NT: Considering how much more animating you do these days, where did the spark for this album come from?

CVG: Ya, Light Information is almost similar to Skelliconnection in a way because there was a mixed cake of sorts. Although all the songs were all sequenced to go with each other, nothing was planned. Some of the songs are older than Shrink Dust, like “Golden Oceans.” The back half of the record is probably the newest stuff, “Static Shape” was thrown on after the record was supposed to be pressed. Songs are getting nearly impossible for me to write anymore.

NT: Considering all the records you’ve produced for artists like Alvvays, Women and a lot more, do you find yourself taking ideas or sounds from these sessions back into your albums?

CVG: I think everybody does that all the time. If I figure out a way to mic a guitar, I’m totally going to use it. I taught it to myself as I went so I’m still learning as I go. As far as hearing things, I don’t know. When it comes to composition, I guess my mind is to distracted. If I have an idea in the moment, and I have a tape recorder, I’ll sketch it out, but I don’t have an aural memory to keep it.

NT: Is there any particular reason you play everything yourself given the range of musicians that would work with you?

CVG: I have a studio hear at home, so it’s mostly just super economical for me as a dad. I’m running around, so I might have an hour here or there, but I don’t know when I’ll get that hour. I feel like that’s a lot of the joy for me, the reason I got into music in the first place was falling in love with multi-tracking. I also fell in love with the engineering part of it, the sound LEGO is what I love to do. Performance not so much, I still enjoy it but it’s really stressful. Whether it’s sound exploration through composition or just sound, I still love it.

NT: Considering how much visual art you create through animation, painting and puppets, is this coming from the same place as your music or do you draw you creative energy for these from somewhere different?

CVG: Animation is where those two worlds come together, making a music video where I’m responding to the music. The Timber Timbre video was really fun to make because there were so many cues to sync up with. Visuals are what I love to do, put a pencil and a piece of paper in front of me, and I’m happy till the day I die. As far as music goes, it’s definitely way more difficult to get that going, just because I’m less skilled. I’m more comfortable doing visual art because I’ve been doing it for so long.

NT: Where do the feelings of paranoia and isolation come from on this record?
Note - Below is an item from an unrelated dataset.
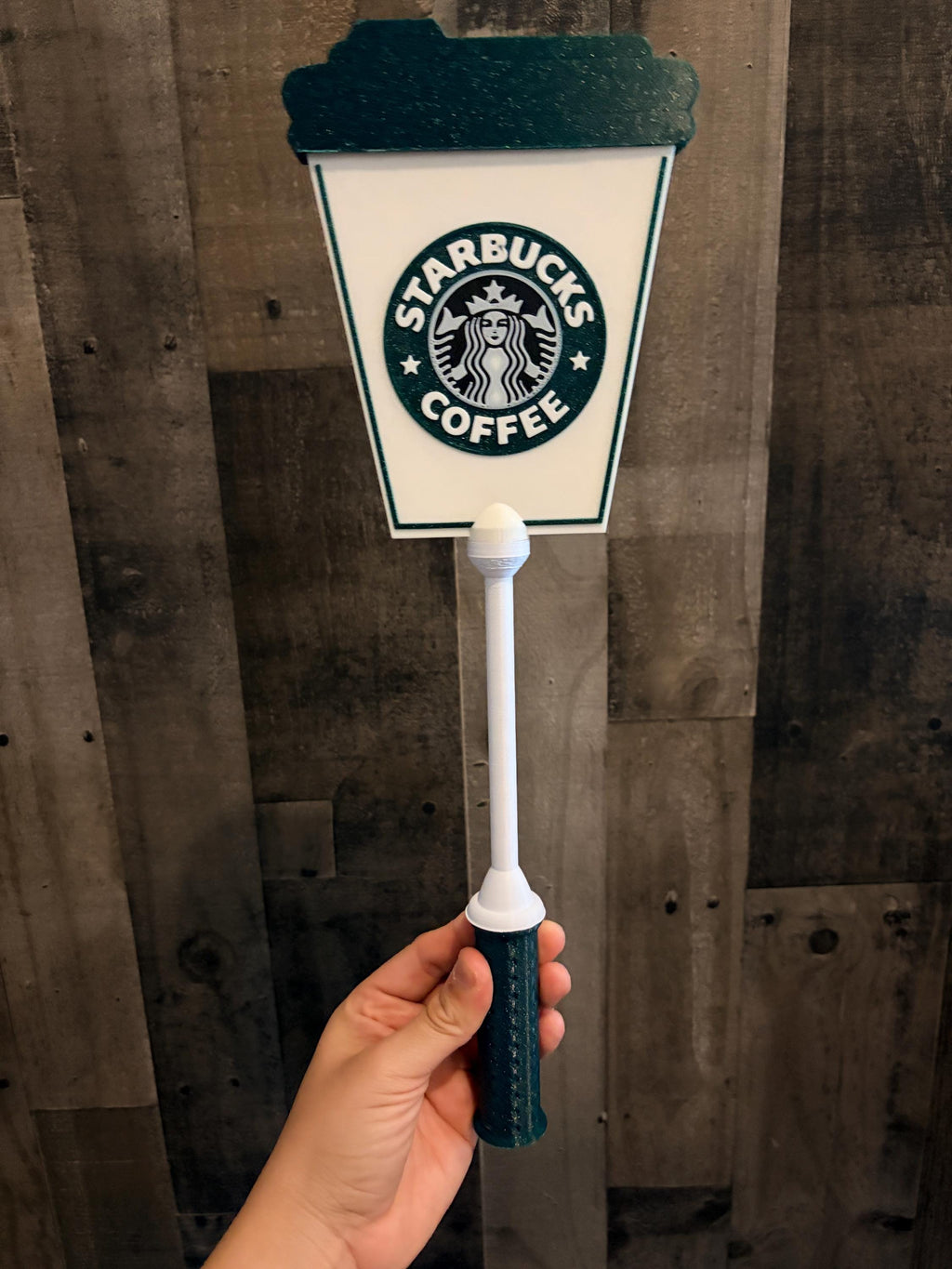 Starbucks Tap To Pay Wand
CVG: I’ve taken the break from the internet at this point. It’s wearing on everyone at this point. I’m at the tail end of my thirties and I didn’t grow up with that stuff, so it’s still a little bit shocking to me. Just that everybody’s fully onboard with that being in their consciousness just seems too easy. That’s where some of that insular paranoia comes from. It’s also the rate it’s growing. I spend a lot of time with technology, most animation. Relearning animation software that’s basically the same as the one released ten years ago but all the tools are hidden in sub-menus now. You rely on the people that are building these apps as an artist. I don’t open up my pencil case and none of my pencils are there. I know I sound like a grumpy old man but where is my eraser tool man, it’s crazy. It’s definitely unnecessary to be constantly updating this stuff just to make money, it’s just wasting everyone’s time. Gardening is what I’m stocked on these days.